就这样,吴武彬顺利留校了。留校后,他随即又和几位志同道合的青年老师办了一个展览。这一次,他拿出了《池边妇女》《心绪》等更有实验性的作品。《池边妇女》的表现主义感觉很浓烈,还在中国台湾地区获了奖;《心绪》是用黑白主调与一点红构成的,一些国内外艺术家看到作品后也给予了高度肯定。
美国尝试抽象创作获好评
“失意”期转战设计开先风
1988年,吴武彬当上了副系主任。1991年,他又应邀到美国当访问学者,在那里待了将近三年时间,创作了不少作品。当中,一套铜版“美柔汀”作品《东方的怀念》,用有限的工具打造出极简约、极精美的程度,一亮相美国高等院校的版画年会就受到高度评价。一方面是因为铜版本体语言表达到位;另一方面,作品很好地传递出东方审美感觉。纽约大学瑞迪教授表示,很多艺术家一到美国去,创作就完全美国化了,而吴武彬还保留着东方特有的韵味,很难得。因此,他被破格邀请进瑞迪教授的工作室。
这套作品也是吴武彬在抽象领域探索的开始,线条本身就充满温度和感觉,彼此勾连更产生某种情绪,几个色块之间的搭配也表达了某种情绪。譬如当中三件用红色线条和一片叶子构成的作品,因为线条位置的变化,也表达了艺术家不同的心绪——从无奈到升华到抒情。“我从小到大就很怕黄昏,觉得这一刻充满了寂寞、无奈,所以这种近于黄昏的红色,常常传递出一种空落的意绪。”而如果对红色有好感的人,单从画面看,大概会觉得像是竖琴在悠扬奏响,或者风吹动一片叶子飘过层叠的窗帘,充满古典意境。
从美国归来以后,吴武彬将带回的作品集中起来做了一个展览,仍然是赞誉不断。
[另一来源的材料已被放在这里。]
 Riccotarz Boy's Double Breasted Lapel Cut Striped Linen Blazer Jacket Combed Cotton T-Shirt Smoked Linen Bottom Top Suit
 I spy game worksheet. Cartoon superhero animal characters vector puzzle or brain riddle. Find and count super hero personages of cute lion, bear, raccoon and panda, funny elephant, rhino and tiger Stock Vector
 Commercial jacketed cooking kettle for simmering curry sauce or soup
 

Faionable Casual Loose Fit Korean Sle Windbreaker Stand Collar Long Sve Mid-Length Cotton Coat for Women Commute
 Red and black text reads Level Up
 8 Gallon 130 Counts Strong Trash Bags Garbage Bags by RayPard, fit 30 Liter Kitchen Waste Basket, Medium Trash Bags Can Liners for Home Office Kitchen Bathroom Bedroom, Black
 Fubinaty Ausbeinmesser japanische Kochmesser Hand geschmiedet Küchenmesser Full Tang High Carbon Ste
一位中国台湾画廊老板表示自己在全世界有几十家画廊,想和吴武彬合作。“我在纽约看到过一些华人画廊,都是卖点档次较低的东西,根本称不上真正的画廊。所以对这位老板只是点头笑笑,没深入交谈下去。后来才慢慢了解到,中国台湾地区的画廊在推动华人艺术家走向世界方面起了很大作用。无论是赵无极、朱德群等,都与台湾画廊的敏锐眼光不无关系。”
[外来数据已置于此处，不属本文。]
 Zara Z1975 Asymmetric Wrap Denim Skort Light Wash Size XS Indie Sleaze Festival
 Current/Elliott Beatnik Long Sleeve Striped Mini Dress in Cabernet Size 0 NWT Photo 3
错失了这个机会,吴武彬也没太在意。正处于春风得意状态的他,不免有些不拘小节,在人事关系处理上也不太在意,终于在日常工作中陷入了比较被动的局面。“好在这时候尹定邦老师找到我,让我搞一个设计工作室。这样,除了教学以外,我把绝大部分的精力都投入到了设计上。”
除了主持人民大会堂广东厅的两次设计装修,吴武彬还参与了湖南省博物馆、山西省博物馆、首都博物馆、日本世博会中国馆等十多个国家级博物馆的装修工程,开了国内博物馆设计的先风。“最初介入的湖南省博物馆氛围营造就很到位,观众一进去便能直面展品。大家后来都在谈论极简主义,其实那时候我们就在做了。”
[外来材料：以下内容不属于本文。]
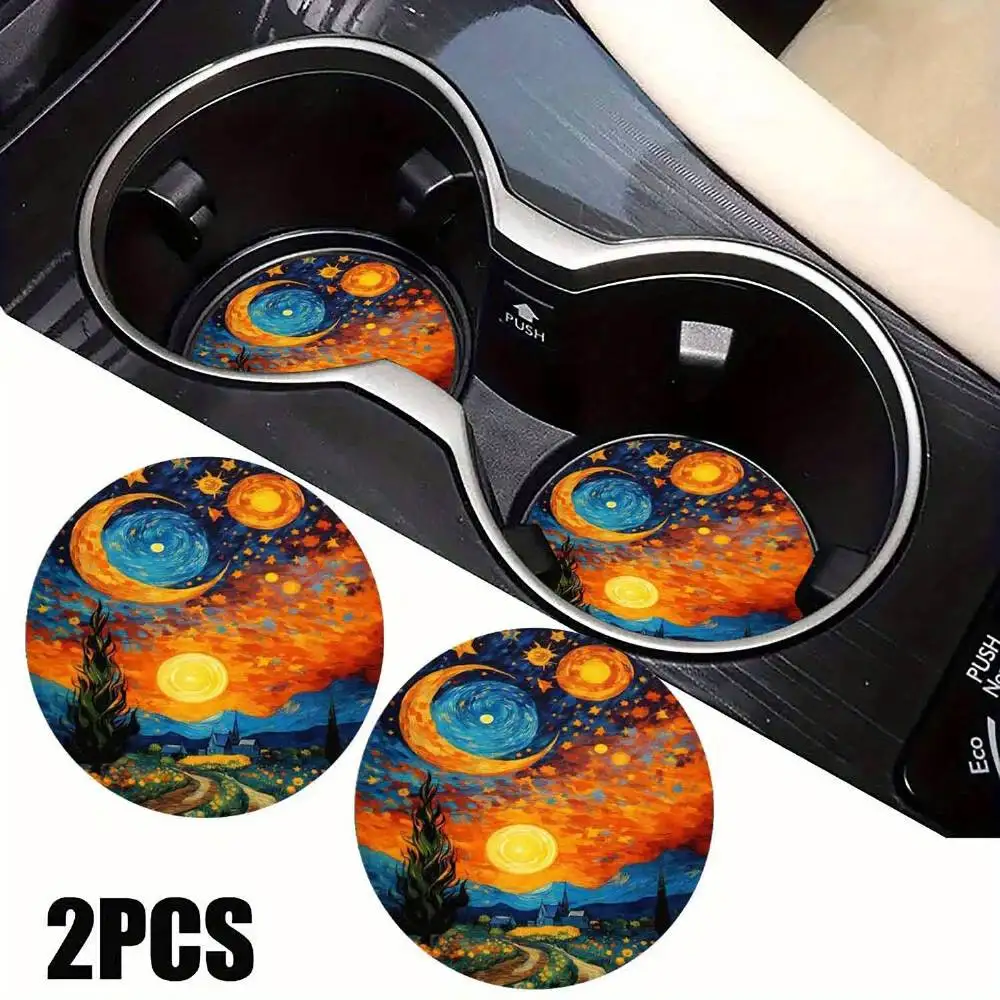 Starry Night Sky Car Cup Coasters 2pcs Star Pattern Suitable For Women Car And Table Cup Holders Car Accessories & Gifts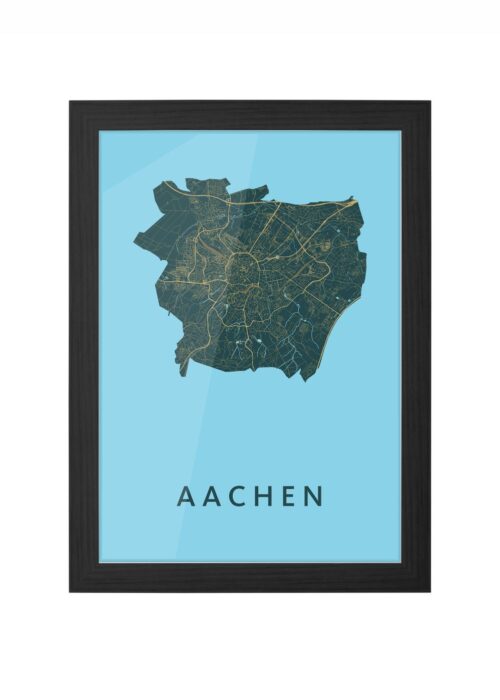 aachen stadskaart poster ingelijst in zwarte lijst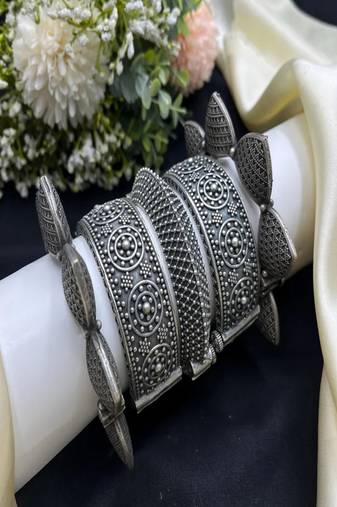Oxidized silver tribal kada set for women, wide statement openable screw bangles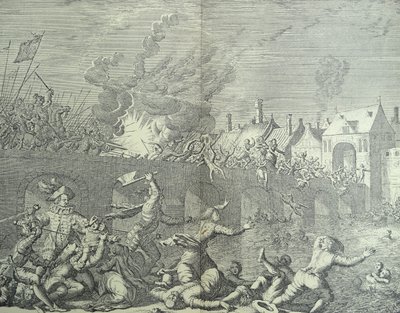 Maastricht, Nederland wordt geplunderd door de Prins van Parma door Jan (after) Luyken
本来可谓是设计、装修的门外汉,为什么半路入行却能打败专业队伍呢?吴武彬认为,他们主要在视觉语言上占据优势。“我们能很容易地把握到造型、材质、色彩和光线对空间效果产生的影响,能准确传递出空间氛围和效果。”
在“艺”上欲达自由
在“术”上仍求突破
当然,做设计的这十年时间,除了教学,吴武彬是没有心境画画了。直到2004年,一起创办工作室的几位“绿林好汉”解体了,吴武彬终于决定回归艺术。但他并不急于动笔,很长时间,他除了给学生上课,基本都待在家里,看看书,喝喝茶,偶尔涂抹几笔国画,主要是思考、总结。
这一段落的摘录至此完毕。